» ACTIVITY
Make the copy match the entries below exactly, with no pictures carried over.

(Web page caption snippets)
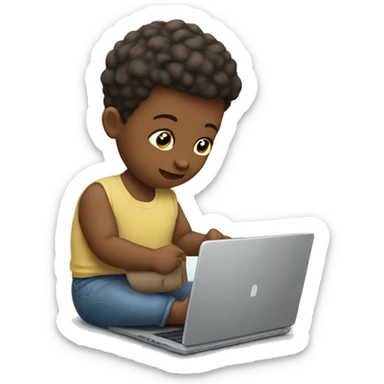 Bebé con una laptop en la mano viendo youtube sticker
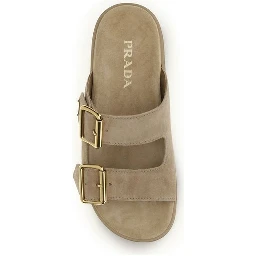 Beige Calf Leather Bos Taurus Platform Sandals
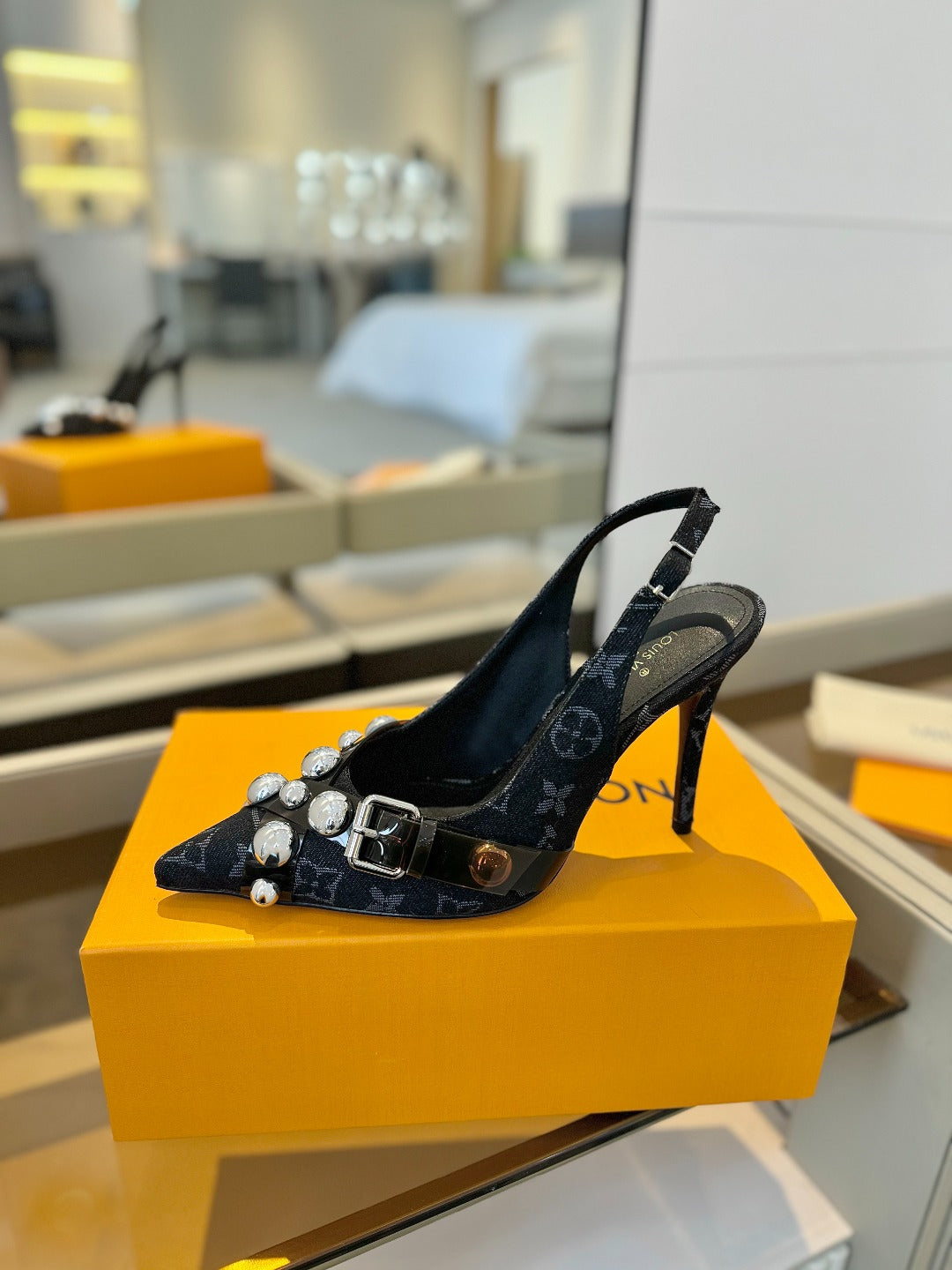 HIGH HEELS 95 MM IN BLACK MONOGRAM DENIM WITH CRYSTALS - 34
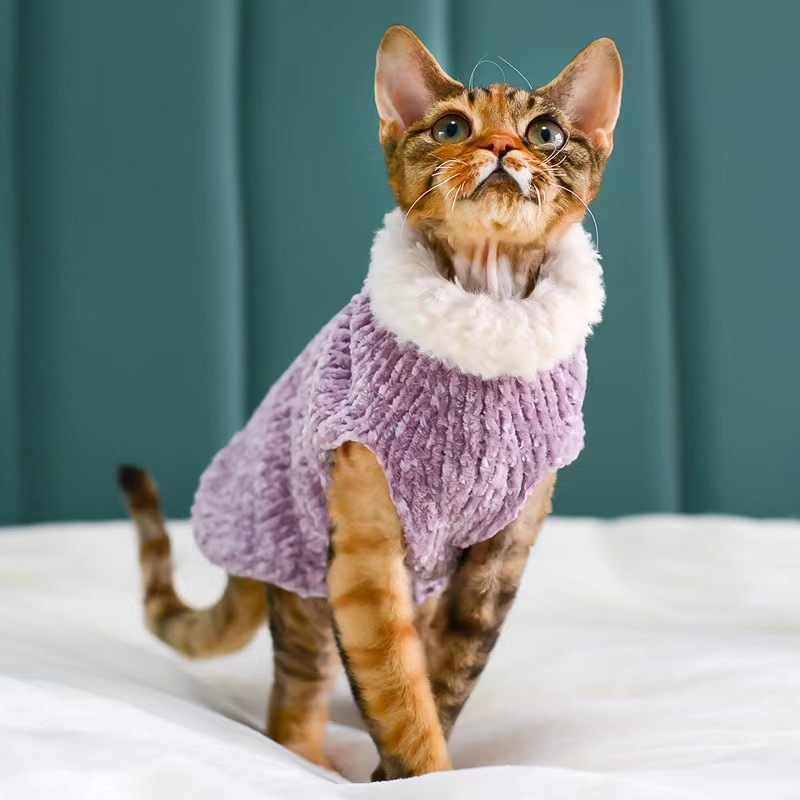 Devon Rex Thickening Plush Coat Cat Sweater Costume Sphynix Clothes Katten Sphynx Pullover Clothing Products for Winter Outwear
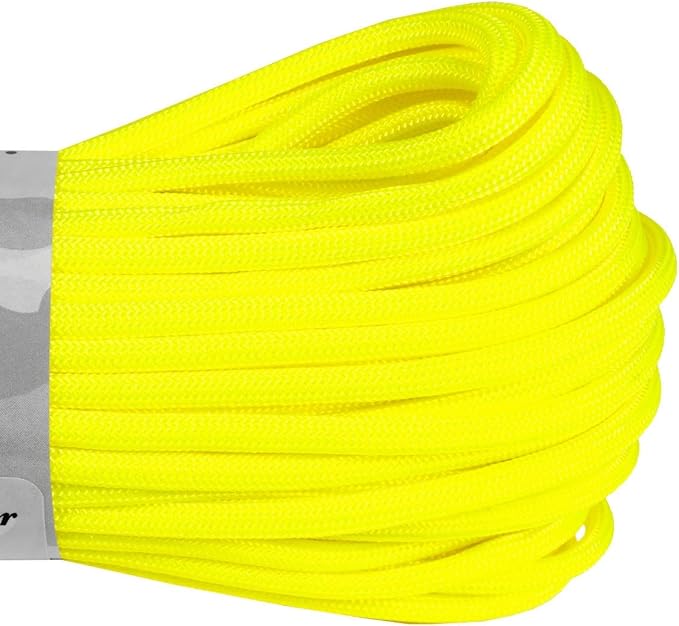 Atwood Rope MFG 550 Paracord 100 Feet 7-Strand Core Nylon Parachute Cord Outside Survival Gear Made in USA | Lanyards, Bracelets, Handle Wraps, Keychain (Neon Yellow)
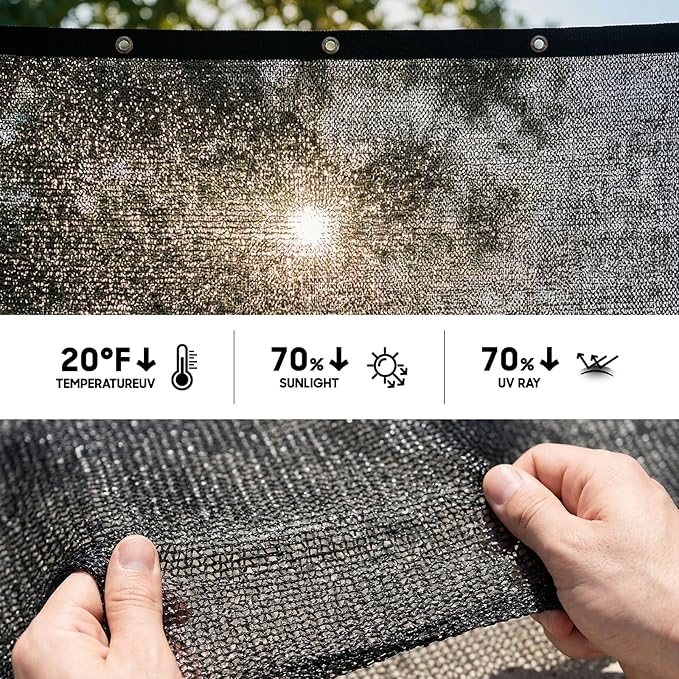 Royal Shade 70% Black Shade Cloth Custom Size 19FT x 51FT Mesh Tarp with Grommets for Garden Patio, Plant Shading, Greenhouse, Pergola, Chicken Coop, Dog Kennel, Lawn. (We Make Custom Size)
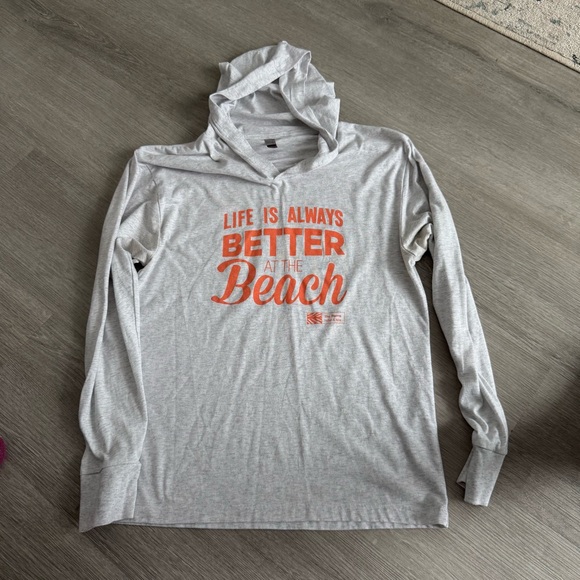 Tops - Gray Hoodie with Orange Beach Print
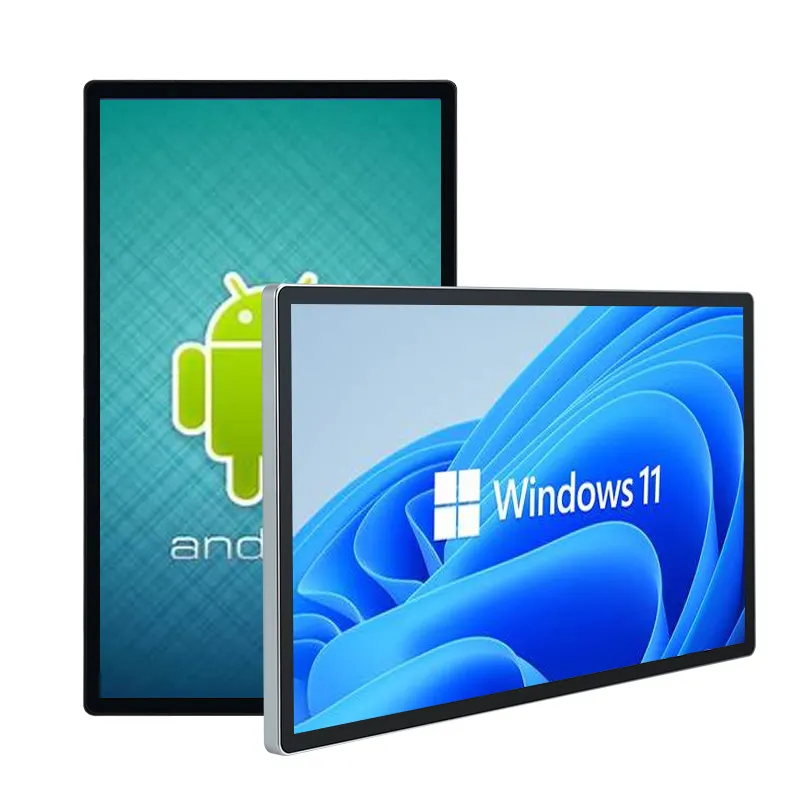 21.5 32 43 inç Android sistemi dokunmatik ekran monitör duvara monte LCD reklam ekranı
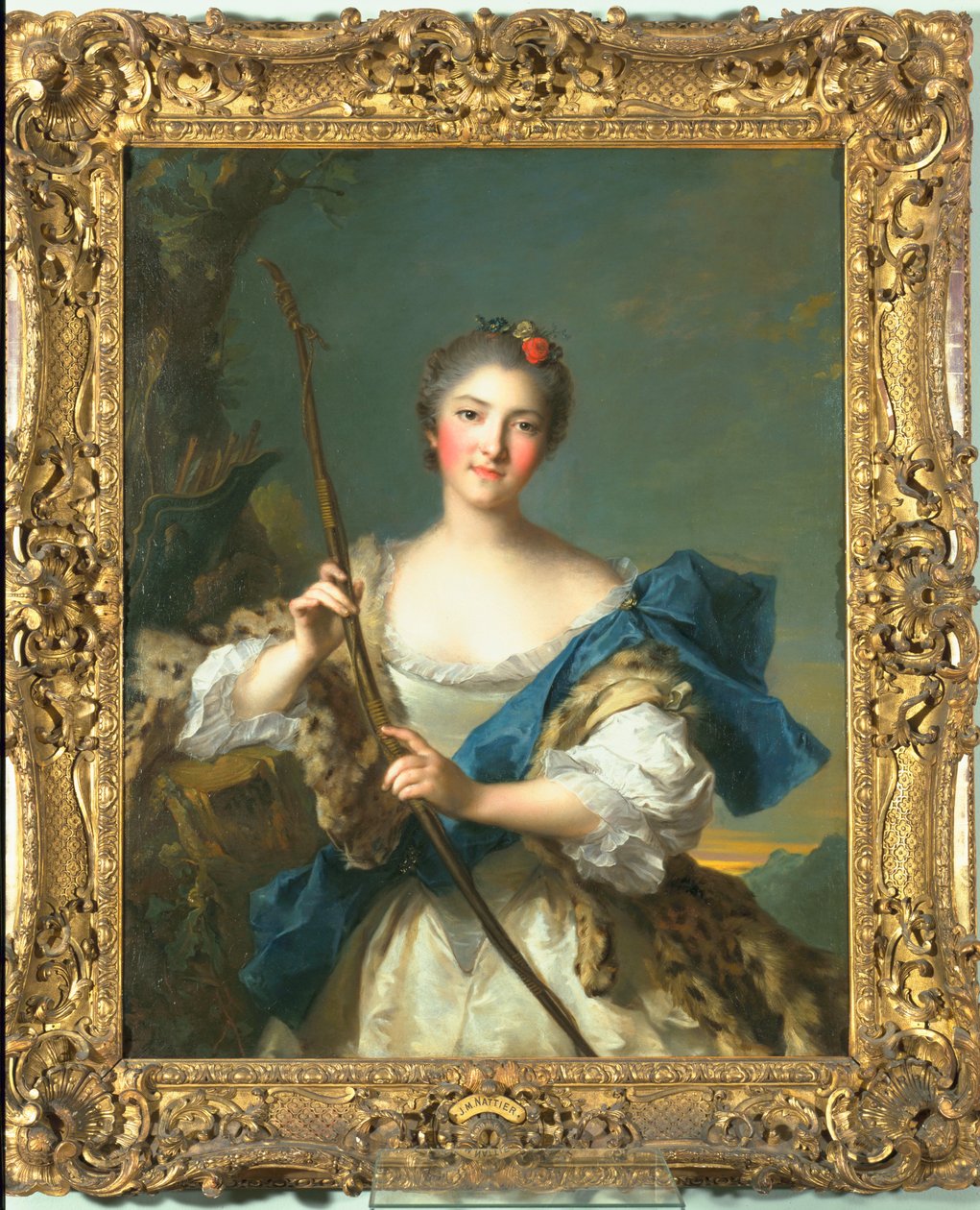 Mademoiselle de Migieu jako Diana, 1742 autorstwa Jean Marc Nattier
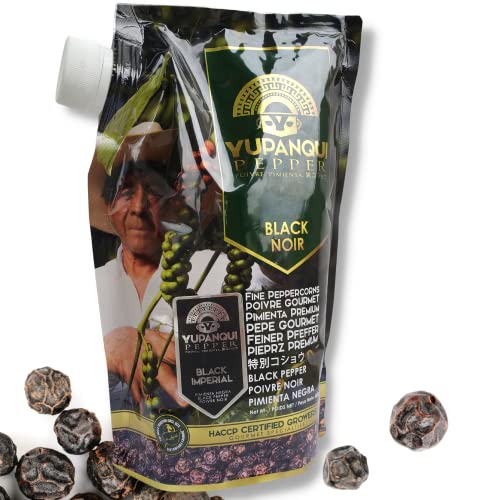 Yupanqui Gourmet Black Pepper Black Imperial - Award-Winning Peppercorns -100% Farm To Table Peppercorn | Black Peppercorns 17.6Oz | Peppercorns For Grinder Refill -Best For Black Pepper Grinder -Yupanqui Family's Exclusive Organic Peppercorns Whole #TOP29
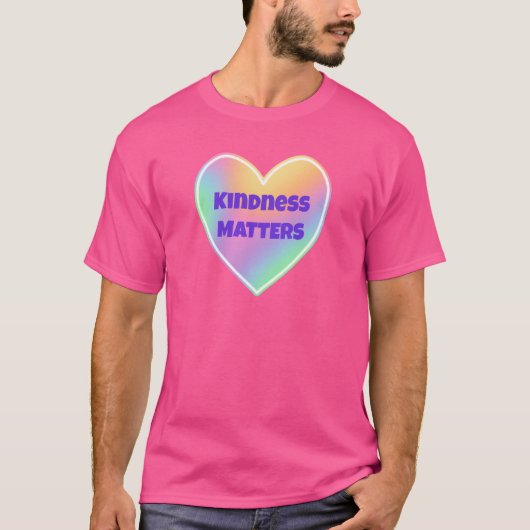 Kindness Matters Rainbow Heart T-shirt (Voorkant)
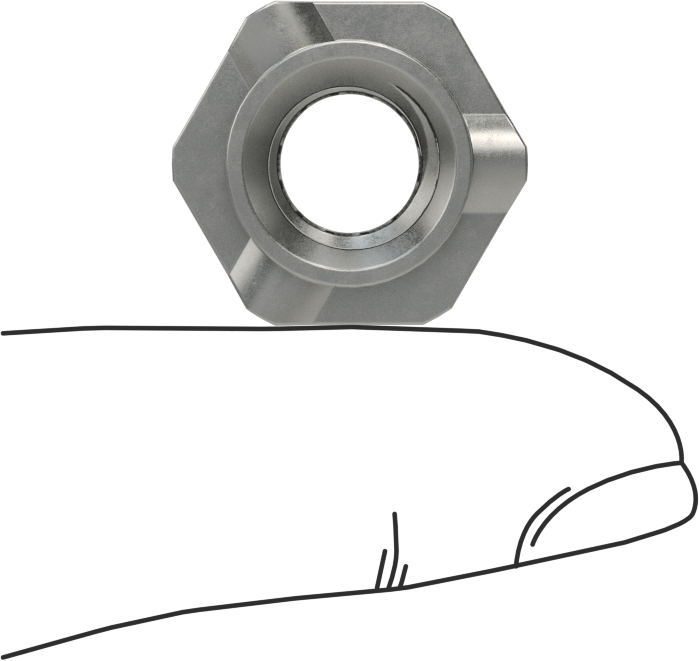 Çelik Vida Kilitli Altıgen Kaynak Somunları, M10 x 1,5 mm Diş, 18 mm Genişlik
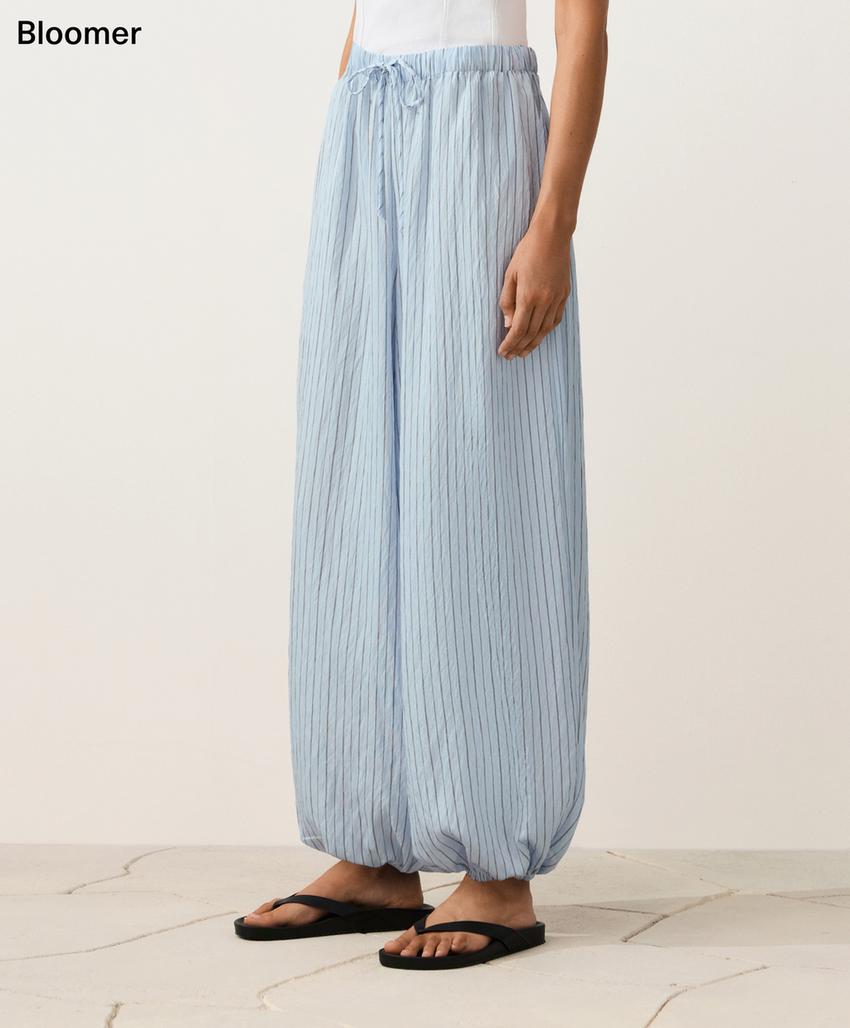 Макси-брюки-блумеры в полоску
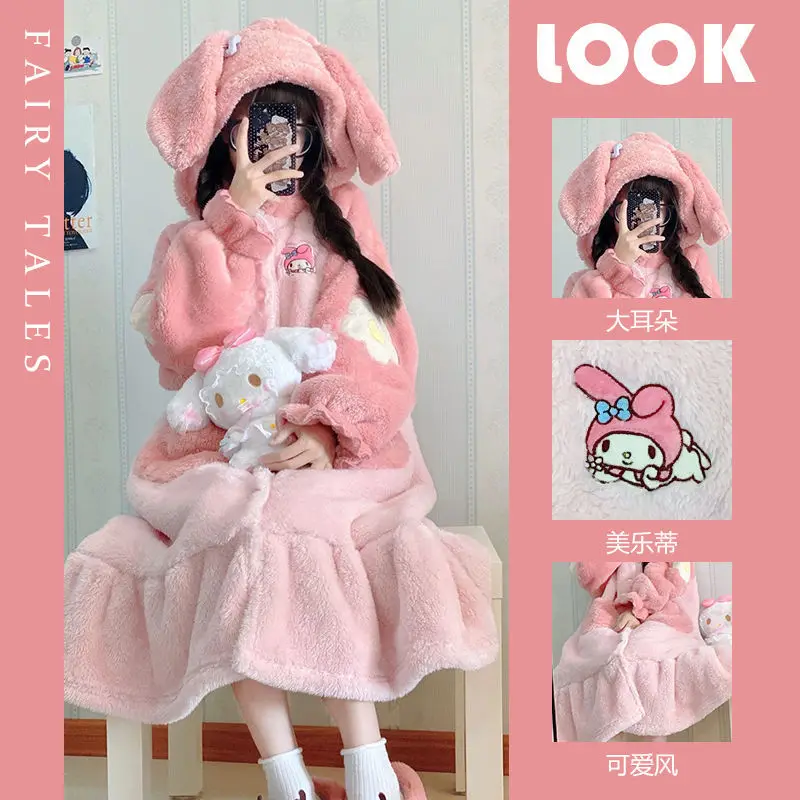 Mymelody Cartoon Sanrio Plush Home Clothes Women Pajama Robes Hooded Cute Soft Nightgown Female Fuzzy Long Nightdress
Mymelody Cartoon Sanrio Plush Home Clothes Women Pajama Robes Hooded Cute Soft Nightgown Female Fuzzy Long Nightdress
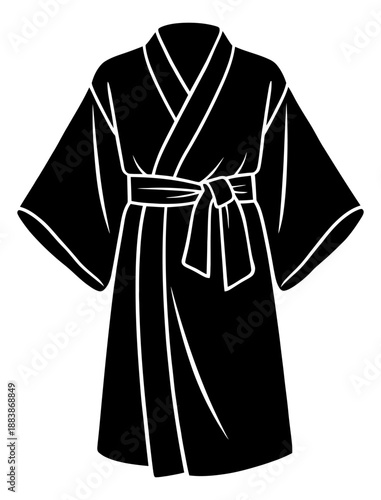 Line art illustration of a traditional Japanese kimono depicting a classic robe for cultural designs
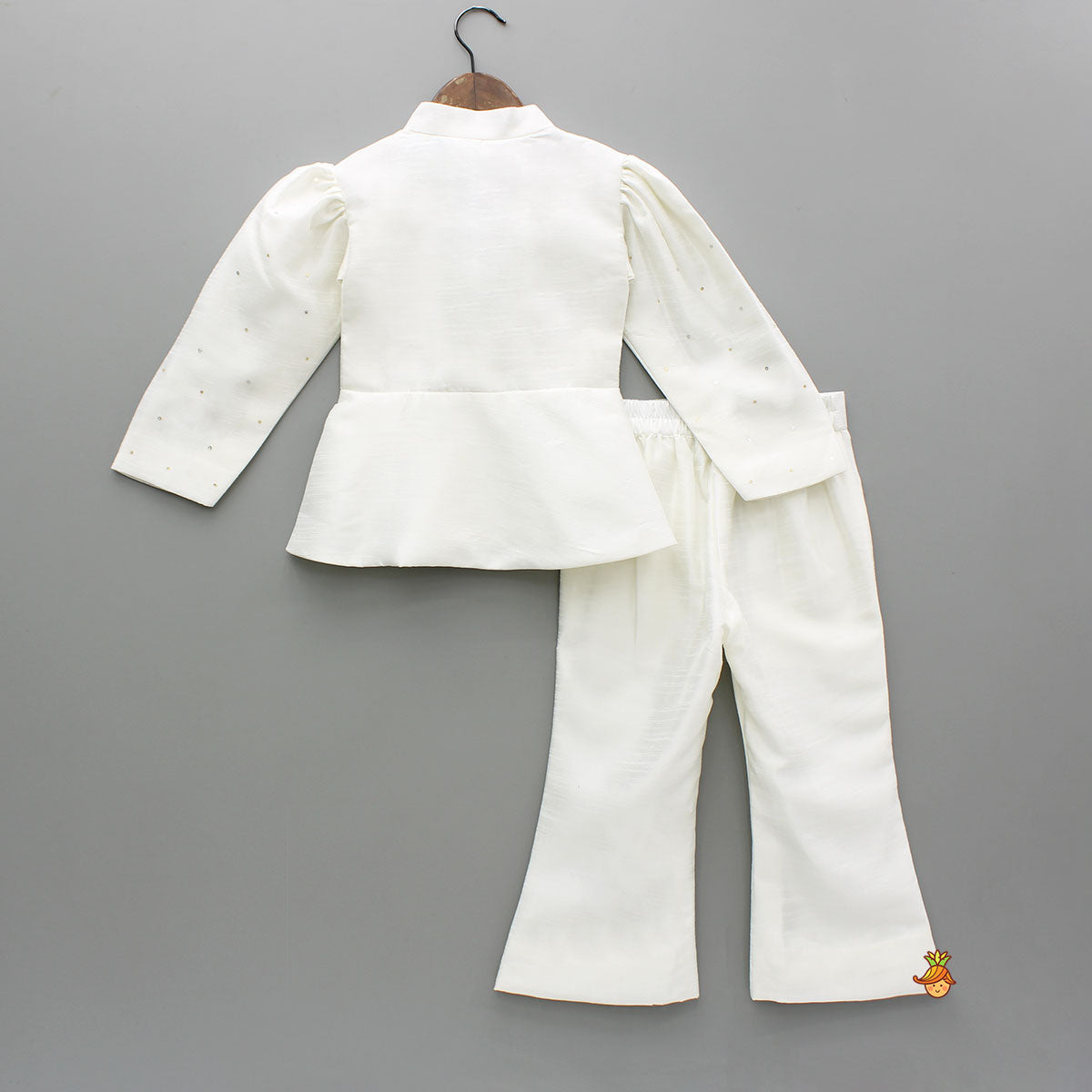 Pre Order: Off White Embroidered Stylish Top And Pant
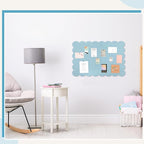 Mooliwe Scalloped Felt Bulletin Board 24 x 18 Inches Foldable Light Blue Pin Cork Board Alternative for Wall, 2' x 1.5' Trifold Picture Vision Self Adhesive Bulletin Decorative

» FINISHED EXERCISE
 Bebé con una laptop en la mano viendo youtube sticker
 Beige Calf Leather Bos Taurus Platform Sandals
 HIGH HEELS 95 MM IN BLACK MONOGRAM DENIM WITH CRYSTALS - 34
 Devon Rex Thickening Plush Coat Cat Sweater Costume Sphynix Clothes Katten Sphynx Pullover Clothing Products for Winter Outwear
 Atwood Rope MFG 550 Paracord 100 Feet 7-Strand Core Nylon Parachute Cord Outside Survival Gear Made in USA | Lanyards, Bracelets, Handle Wraps, Keychain (Neon Yellow)
 Royal Shade 70% Black Shade Cloth Custom Size 19FT x 51FT Mesh Tarp with Grommets for Garden Patio, Plant Shading, Greenhouse, Pergola, Chicken Coop, Dog Kennel, Lawn. (We Make Custom Size)
 Tops - Gray Hoodie with Orange Beach Print
 21.5 32 43 inç Android sistemi dokunmatik ekran monitör duvara monte LCD reklam ekranı
 Mademoiselle de Migieu jako Diana, 1742 autorstwa Jean Marc Nattier
 Yupanqui Gourmet Black Pepper Black Imperial - Award-Winning Peppercorns -100% Farm To Table Peppercorn | Black Peppercorns 17.6Oz | Peppercorns For Grinder Refill -Best For Black Pepper Grinder -Yupanqui Family's Exclusive Organic Peppercorns Whole #TOP29
 Kindness Matters Rainbow Heart T-shirt (Voorkant)
 Çelik Vida Kilitli Altıgen Kaynak Somunları, M10 x 1,5 mm Diş, 18 mm Genişlik
 Макси-брюки-блумеры в полоску
 Mymelody Cartoon Sanrio Plush Home Clothes Women Pajama Robes Hooded Cute Soft Nightgown Female Fuzzy Long Nightdress
Mymelody Cartoon Sanrio Plush Home Clothes Women Pajama Robes Hooded Cute Soft Nightgown Female Fuzzy Long Nightdress
 Line art illustration of a traditional Japanese kimono depicting a classic robe for cultural designs
 Pre Order: Off White Embroidered Stylish Top And Pant
 Mooliwe Scalloped Felt Bulletin Board 24 x 18 Inches Foldable Light Blue Pin Cork Board Alternative for Wall, 2' x 1.5' Trifold Picture Vision Self Adhesive Bulletin Decorative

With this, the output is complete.